Men have different ways of dealing with each other...conversing. Even their analogies are different than women's. They are born to battle. To compete. To win.
They think differently, too. When I ask my husband a question, he almost invariably answers with a question. I find myself actually answering his question and never really getting an answer to mine. We laugh about it alot. Sometimes I say, "Can I ask you a question?" He replies, "Why, what do you need?" Lately, I start with, "Honey, I want to ask you a question, but when I do, I want you to answer the question with a yes or a no." He replies, "Why?" I begin laughing and he begins laughing and we know that it is because of the "trap syndrome".
All men have it. (Maybe I shouldn't say all, but from all the ladies I talk to? Most men have it.) They think anytime a woman asks a man a question that they are setting a trap. They think we are baiting them; that the first question is going to lead to a second. That the second leading to a "Gotcha!" It may stem from Eve giving the fruit to Adam and telling him to eat. After that, man could never trust a woman again, I guess.

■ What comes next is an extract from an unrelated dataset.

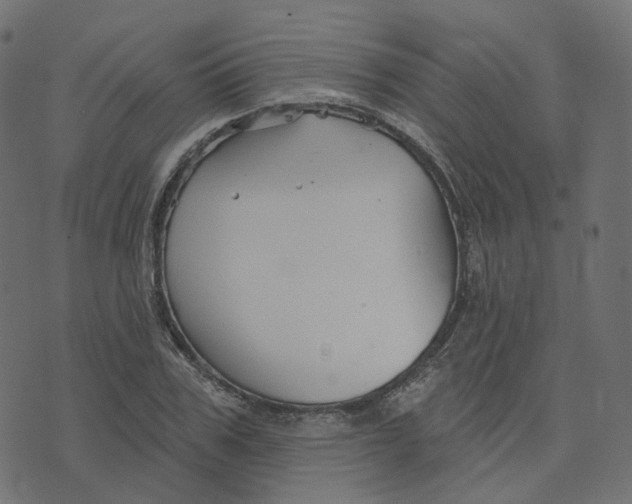 X0000073420979200608251546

This makes it really hard to communicate in a man's world unless one becomes like a man. Well, I've tried that too, but I don't like it. I don't like answering questions with questions. What if you ask the wrong question? Will you ever get the answer to your first question? It seems if one is to be part of a man's world, one must think like a man. But then we have another problem. Ego.

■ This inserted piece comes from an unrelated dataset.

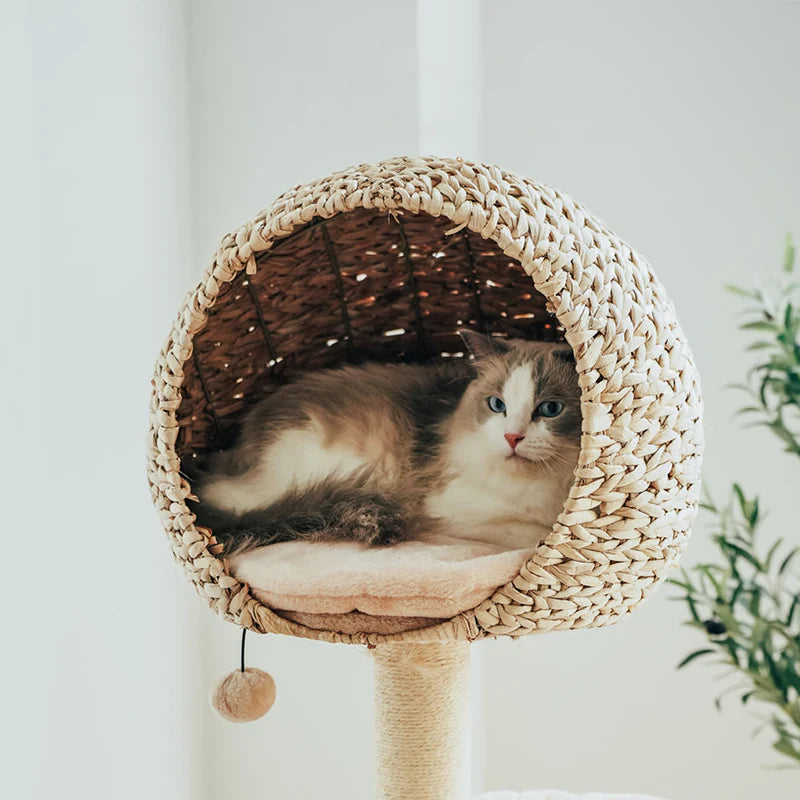 Astraltail Bird Nest Cat Tree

Men have bigger egos than women. They have a different kind of pride. We women have no pride. We get lost; we stop and ask for directions. We get sick; we go see a doctor. Our pride is in communicating effectively, nurturing effectively, and feeling right about what we feel right about. A man's pride often is in communicating to win a debate, avoid a debate, accelerate a debate or confirm they are correct in a debate. I might be wrong here. Just a woman's observations, ya see?

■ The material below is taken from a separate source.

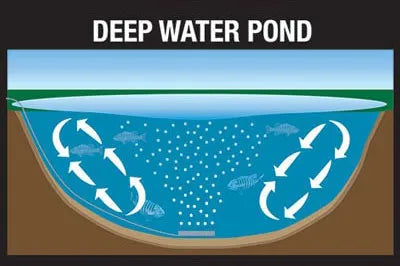 Pond Depth: Why Depth Matters Pond Supply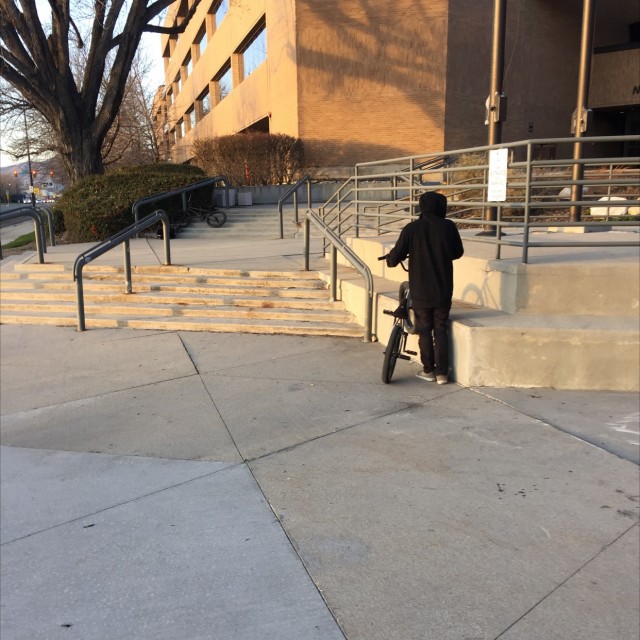 Ledge rail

Anyway, most of my understanding stems from experience in trying to communicate with one of the most humble men on this earth for over four decades. It includes trying to win the approval or at least one word or phrase of approval from the highest authority of man given me before my husband--my dad. It includes surviving as the only girl among two elder biological brothers, one elder stepbrother, and one younger stepbrother. It includes multiple relationships with male step-cousins who inhabited the same house as I lived in for the majority of my teenage years. I also had the honor to raise a little boy through every stage of his life and watch him grow into one of the most loving, nurturing, boy/men I'll ever know.
So, I do have a bit of experience with communicating with boys, men and also, the inescapable inability to communicate on multiple occasions. I've also been afforded the grand prize of watching my stepmother's total failure at communicating anything she felt important. (Which after a spell, she felt nothing she had to offer was worthy of communicating, so she settled in to her sewing bench and used up millions of miles of thread to communicate with material.)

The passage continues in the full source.